Bug 158367

Summary: Xen locks up when running xm create
Product: [Fedora] Fedora Reporter: Ian Anderson <fedora>
Component: xenAssignee: Rik van Riel <riel>
Status: CLOSED RAWHIDE QA Contact:
Severity: medium Docs Contact:
Priority: medium    
Version: 4CC: itamar, lsof
Target Milestone: ---   
Target Release: ---   
Hardware: i386   
OS: Linux   
Whiteboard:
Fixed In Version: Doc Type: Bug Fix
Doc Text:
Story Points: ---
Clone Of: Environment:
Last Closed: 2005-09-16 19:02:58 UTC Type: ---
Regression: --- Mount Type: ---
Documentation: --- CRM:
Verified Versions: Category: ---
oVirt Team: --- RHEL 7.3 requirements from Atomic Host:
Cloudforms Team: --- Target Upstream Version:
Embargoed:
Attachments:
Description Flags
Output of xm dmesg
none
cat /proc/cpuinfo none

Description Ian Anderson 2005-05-20 22:40:30 UTC
From Bugzilla Helper:
User-Agent: Mozilla/5.0 (X11; U; Linux i686; en-US; rv:1.7.8) Gecko/20050512 Fedora/1.0.4-2 Firefox/1.0.4

Description of problem:
Following the instructions at http://www.fedoraproject.org/wiki/FedoraXenQuickstart everything works well until trying to run 'xm create -c rawhide' at which point the machine locks up solid, no crash dump, nothing.  Same problem occurs under both runlevel 3 and runlevel 5 (X).
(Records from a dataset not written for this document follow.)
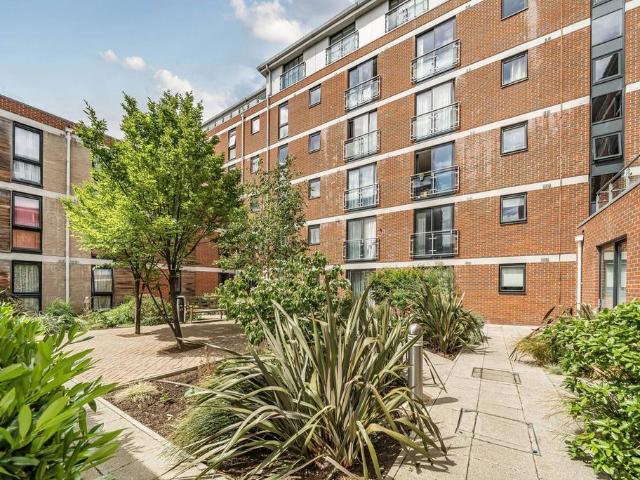 Flat for sale in Spitalfields, Whitechapel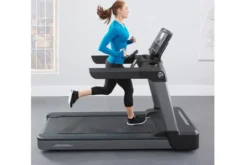 Life Fitness Club Series + (Plus) Treadmill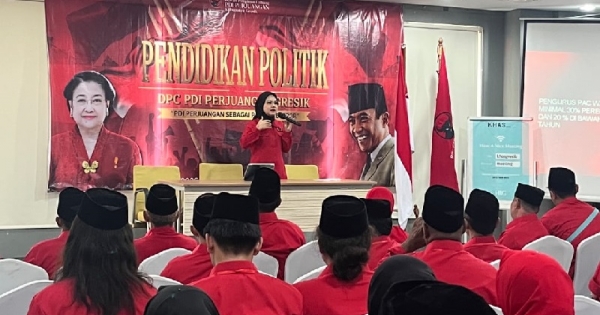 Bekali PAC PDI Perjuangan se-Gresik, Nila Yani: Politik Harus Melayani Masyarakat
Version-Release number of selected component (if applicable):
xen-2-20050424

How reproducible:
Always

Steps to Reproduce:
1.Install FC4test3
2.Follow instructions at http://www.fedoraproject.org/wiki/FedoraXenQuickstart
3.xm create -c rawhide
4.machine locks up
  

Actual Results:  Machine locks up

Expected Results:  expect to see the Xen guest OS booting up.

Additional info:

kernel-xen0-2.6.11-1.1323_FC4
kernel-xenU-2.6.11-1.1323_FC4

Asus P4R800vm motherboard, 2.6 GHz Hyperthreading CPU
ATI 9100 IGP chipset

Comment 1 Rik van Riel 2005-05-21 18:36:09 UTC
Did you get any Xen output on the serial console ?

I have Xen running on several systems here, without the problem you are seeing.
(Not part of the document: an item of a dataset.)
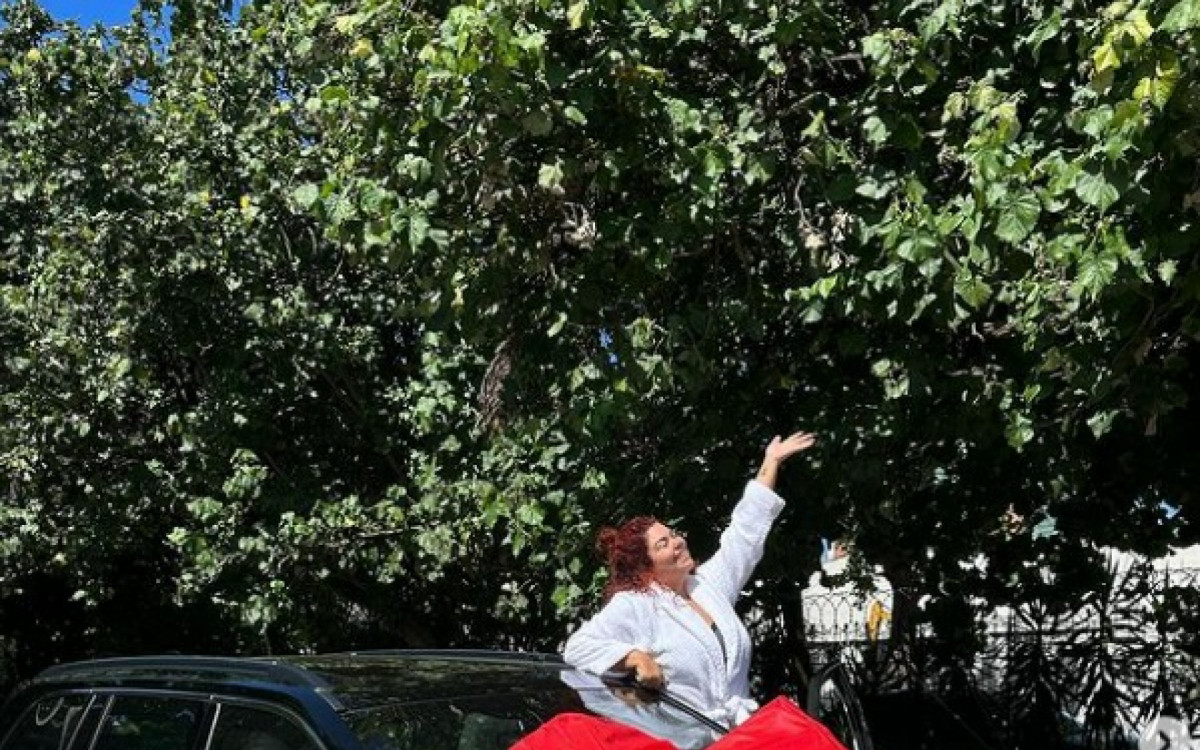 Fabiana Karla mostra seu novo carro nas redes sociais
Btw, I have the latest Xen RPMs up on: http://people.redhat.com/riel/xen_for_fc4/


Comment 2 Ian Anderson 2005-05-21 20:41:49 UTC
No further output on the serial console.
Looked at the XenDemo CD and noticed that it configures the hypervisor to run
with the noht (no hyperthreading) option.
Tried that option and am now able to successfully boot Xen VMs under both
runlevel  3 and runlevel 5.
noht should be considered for a default xen configuration option.
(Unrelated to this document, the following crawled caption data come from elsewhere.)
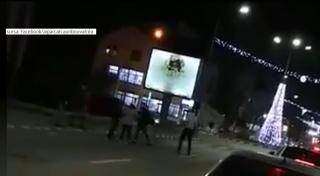 Bătaie în trafic, în Râmnicu Vâlcea. Șofer, pus la pământ în fața propriului copil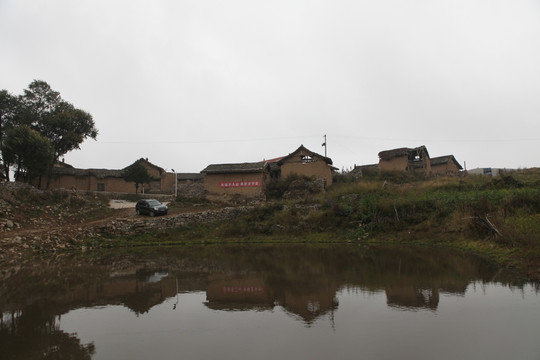 岭上村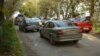 Трудно вести себя адекватно, оказавшись в автомобильной пробке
Comment 3 Rik van Riel 2005-05-21 21:49:48 UTC
Exactly what system are you running on?

I am using Xen with hyperthreading on a 3GHz Pentium IV and it's working just fine.

Also, what output do Xen and xenolinux give?
At what stage in the boot does it hang?

Comment 4 Ian Anderson 2005-05-21 22:53:08 UTC
Created attachment 114679 [details]
Output of xm dmesg

Here is the output from the Xen kernel.  I do not see any messages when the
guest OS is booting and hyperthreading is enabled, I get "Using configfile
rawhide" and then it locks solid.  System is an Asus P4R800vm with an ATI 9100
IGP chipset.  everything is integrated on the motherboard with no additional
PCI cards.  I strongly suspect it is a quirk in the chipset, it did not come
out very long after Intel announced Hyperthreading.

Comment 5 Rik van Riel 2005-05-21 23:02:14 UTC
Btw, do you need to specify the "noht" option on the Xen boot line, or is it
enough to specify that on the domain 0 kernel boot options?

Comment 6 Ian Anderson 2005-05-21 23:39:34 UTC
I specify it in the grub.conf file on the xen kernel line:
kernel /boot/xen.gz com1=115200,8n1 noht


Comment 7 Rik van Riel 2005-05-22 00:16:09 UTC
In that case some ACPI workaround might work - and that will be automatically
imported from Linux once I upgrade to a newer version of Xen, in which all
things ACPI are implemented in domain 0 instead of the hypervisor.

I tried upgrading to such a version already, but the upstream xen tree didn't
boot on my test system when I tried, so FC4 will still have an older version of Xen.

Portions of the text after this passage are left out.